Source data
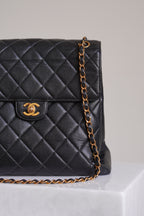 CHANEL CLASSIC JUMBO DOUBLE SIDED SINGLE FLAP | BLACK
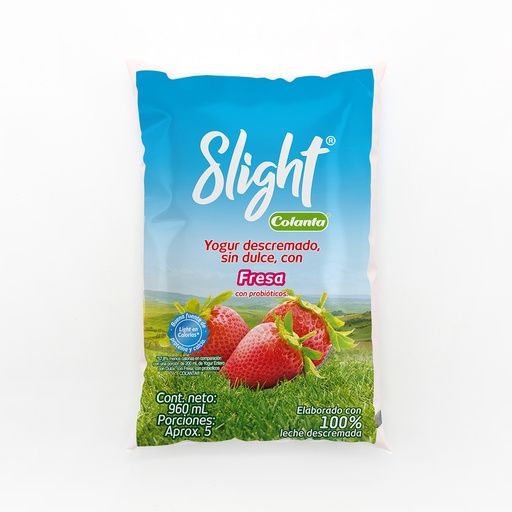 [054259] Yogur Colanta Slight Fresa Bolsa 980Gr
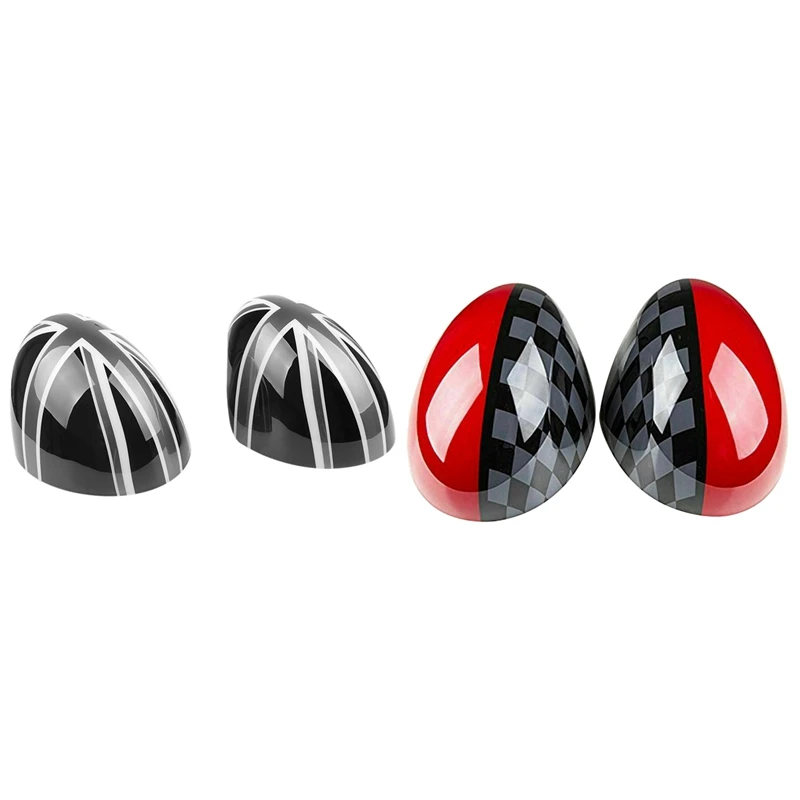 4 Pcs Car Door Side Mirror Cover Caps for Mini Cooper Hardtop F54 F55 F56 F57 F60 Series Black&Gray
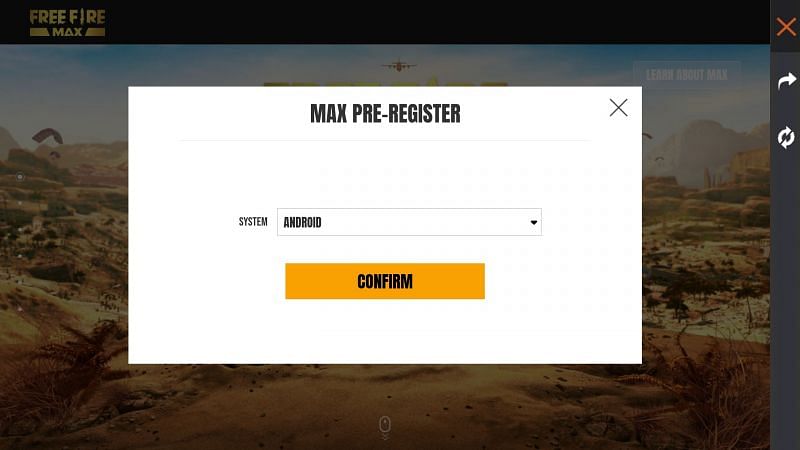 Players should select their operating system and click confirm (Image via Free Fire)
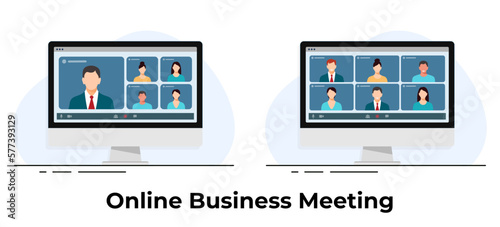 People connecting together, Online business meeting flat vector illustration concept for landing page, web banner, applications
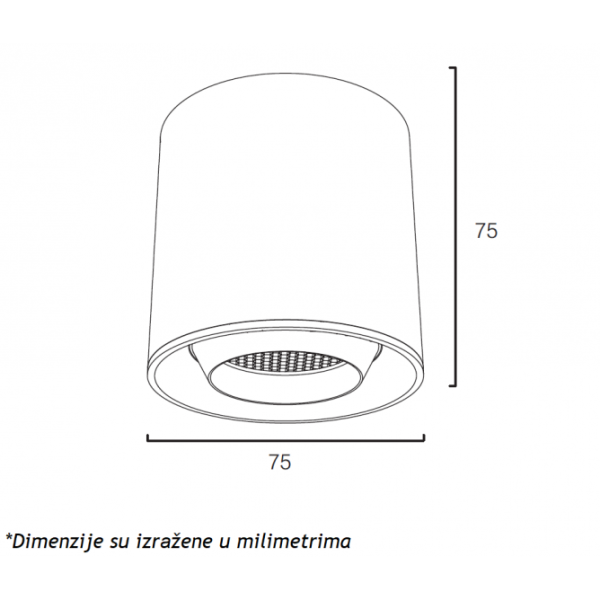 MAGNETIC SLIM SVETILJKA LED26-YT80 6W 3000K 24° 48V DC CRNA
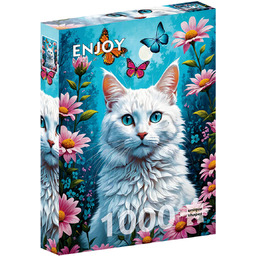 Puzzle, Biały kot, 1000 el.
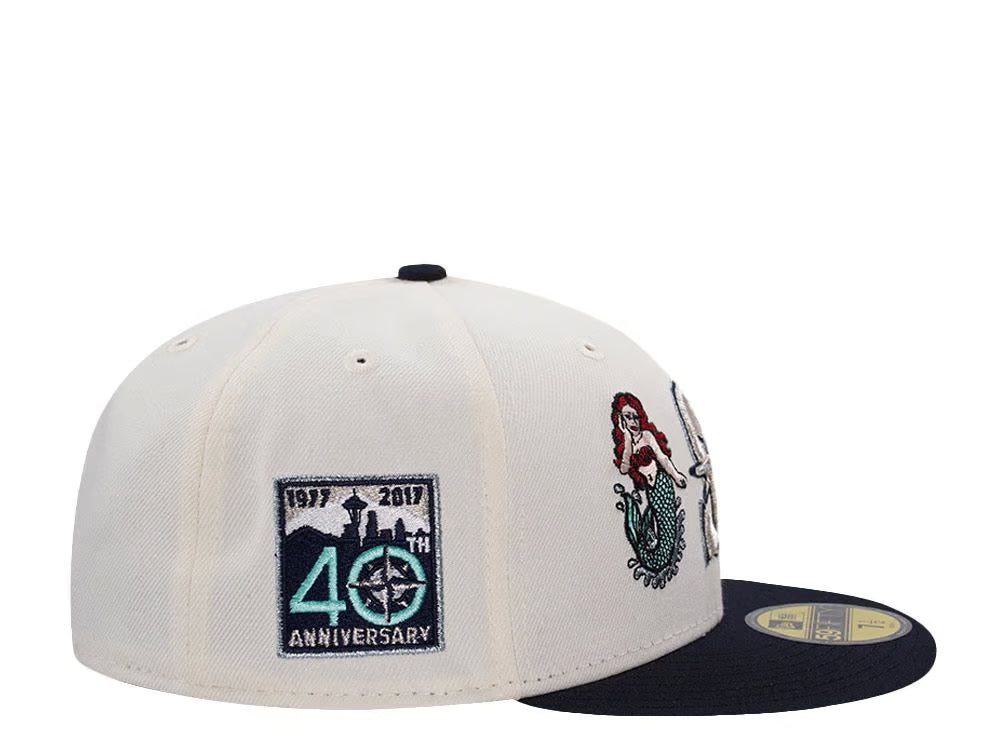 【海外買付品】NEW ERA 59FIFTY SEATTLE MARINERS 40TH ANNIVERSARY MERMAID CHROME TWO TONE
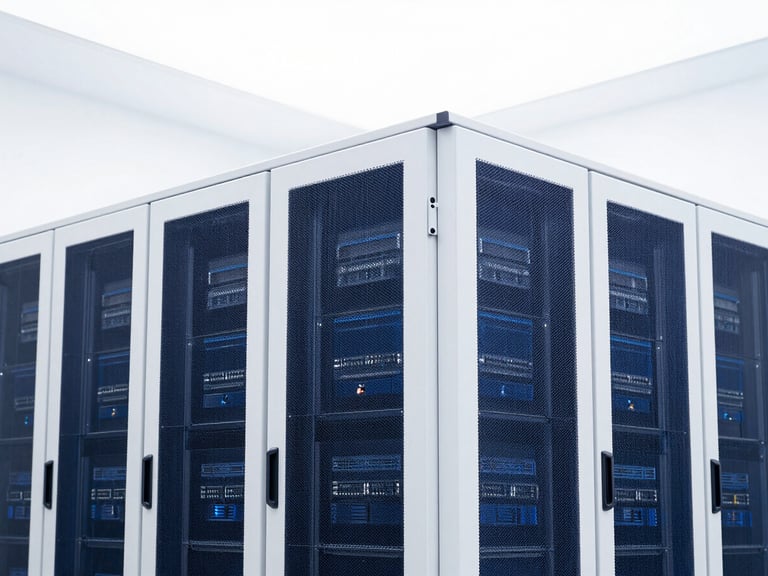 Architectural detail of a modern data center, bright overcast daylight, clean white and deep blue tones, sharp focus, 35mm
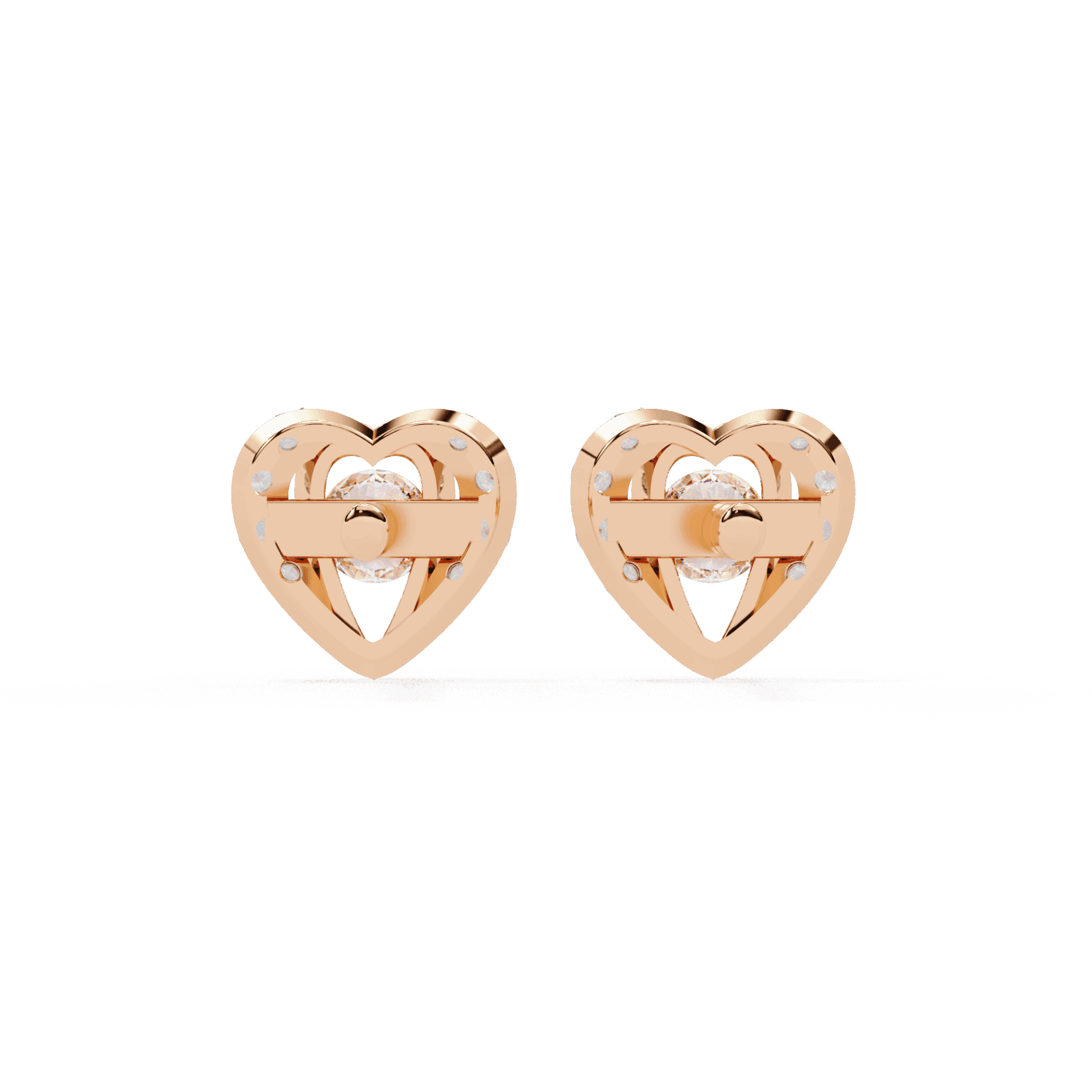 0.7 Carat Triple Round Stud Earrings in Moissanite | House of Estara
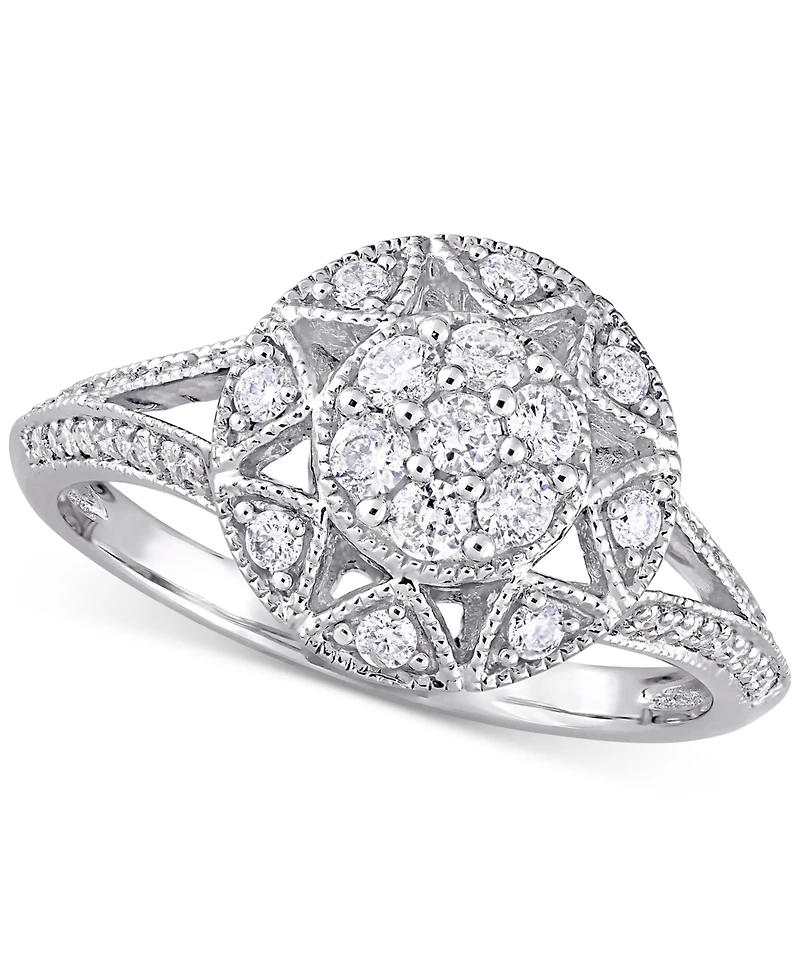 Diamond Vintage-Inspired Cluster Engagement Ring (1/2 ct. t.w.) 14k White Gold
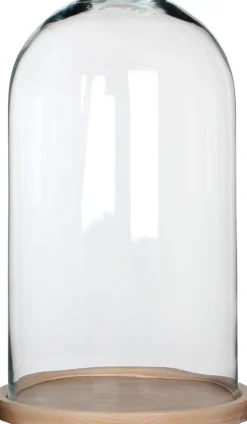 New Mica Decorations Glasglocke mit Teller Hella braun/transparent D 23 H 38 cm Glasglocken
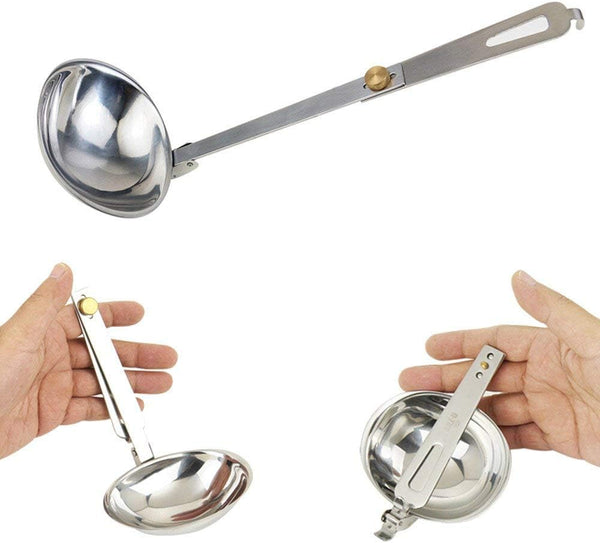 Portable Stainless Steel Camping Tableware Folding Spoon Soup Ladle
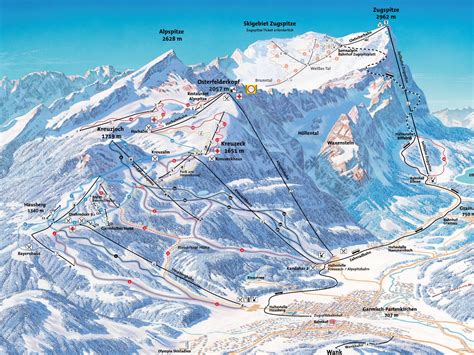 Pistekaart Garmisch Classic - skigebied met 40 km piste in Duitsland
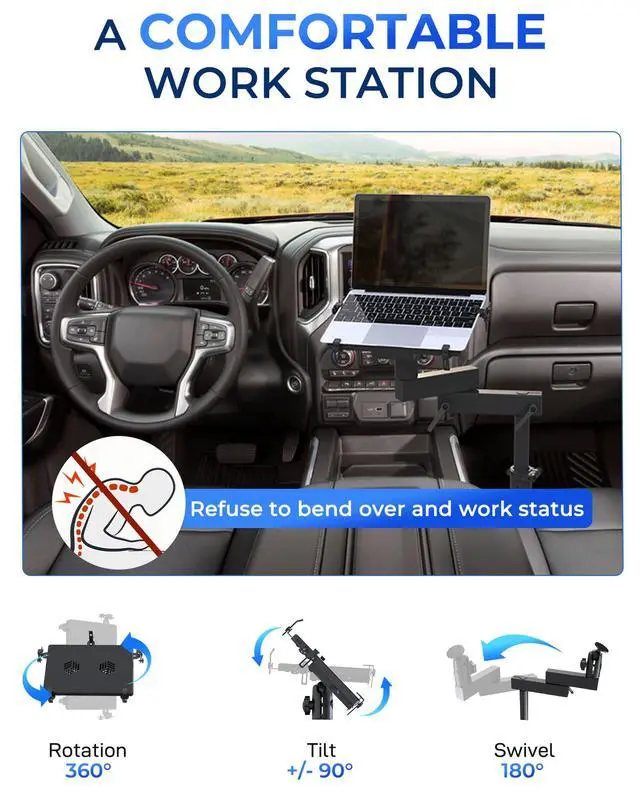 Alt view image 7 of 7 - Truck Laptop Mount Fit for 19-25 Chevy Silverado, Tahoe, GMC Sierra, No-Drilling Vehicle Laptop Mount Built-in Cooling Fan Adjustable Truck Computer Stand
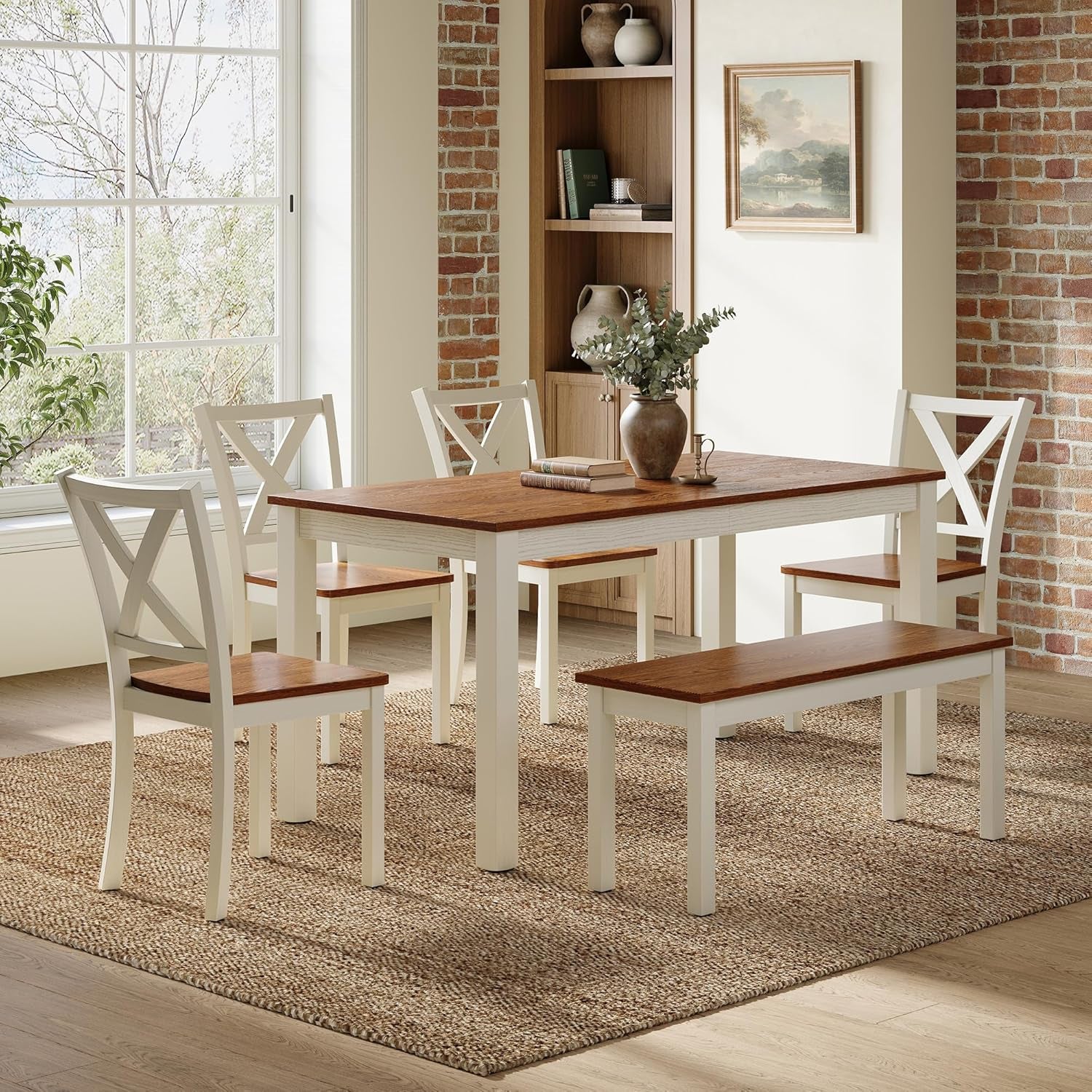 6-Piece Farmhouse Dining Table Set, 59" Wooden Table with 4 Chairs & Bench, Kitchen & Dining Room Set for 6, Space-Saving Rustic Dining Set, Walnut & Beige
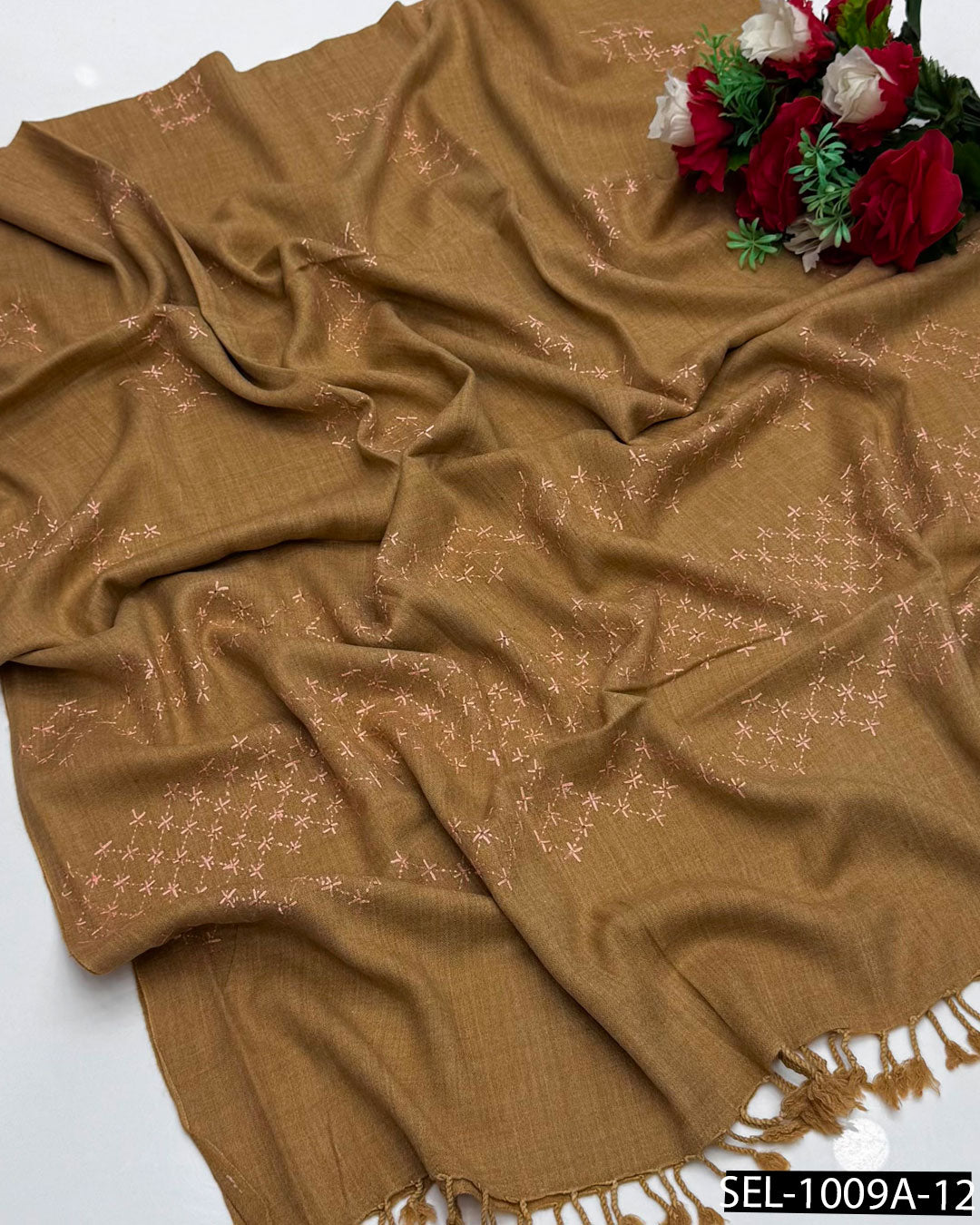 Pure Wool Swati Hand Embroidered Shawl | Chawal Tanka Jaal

* WORK TO BE COMPLETED
Using the entries above, reproduce word for word only the lines from the one that contains "MAGNETIC SLIM SVETILJKA" to the one that contains "Pistekaart Garmisch Classic", both ends included, and drop every picture.

* FINISHED TASK
 MAGNETIC SLIM SVETILJKA LED26-YT80 6W 3000K 24° 48V DC CRNA
 Puzzle, Biały kot, 1000 el.
 【海外買付品】NEW ERA 59FIFTY SEATTLE MARINERS 40TH ANNIVERSARY MERMAID CHROME TWO TONE
 Architectural detail of a modern data center, bright overcast daylight, clean white and deep blue tones, sharp focus, 35mm
 0.7 Carat Triple Round Stud Earrings in Moissanite | House of Estara
 Diamond Vintage-Inspired Cluster Engagement Ring (1/2 ct. t.w.) 14k White Gold
 New Mica Decorations Glasglocke mit Teller Hella braun/transparent D 23 H 38 cm Glasglocken
 Portable Stainless Steel Camping Tableware Folding Spoon Soup Ladle
 Pistekaart Garmisch Classic - skigebied met 40 km piste in Duitsland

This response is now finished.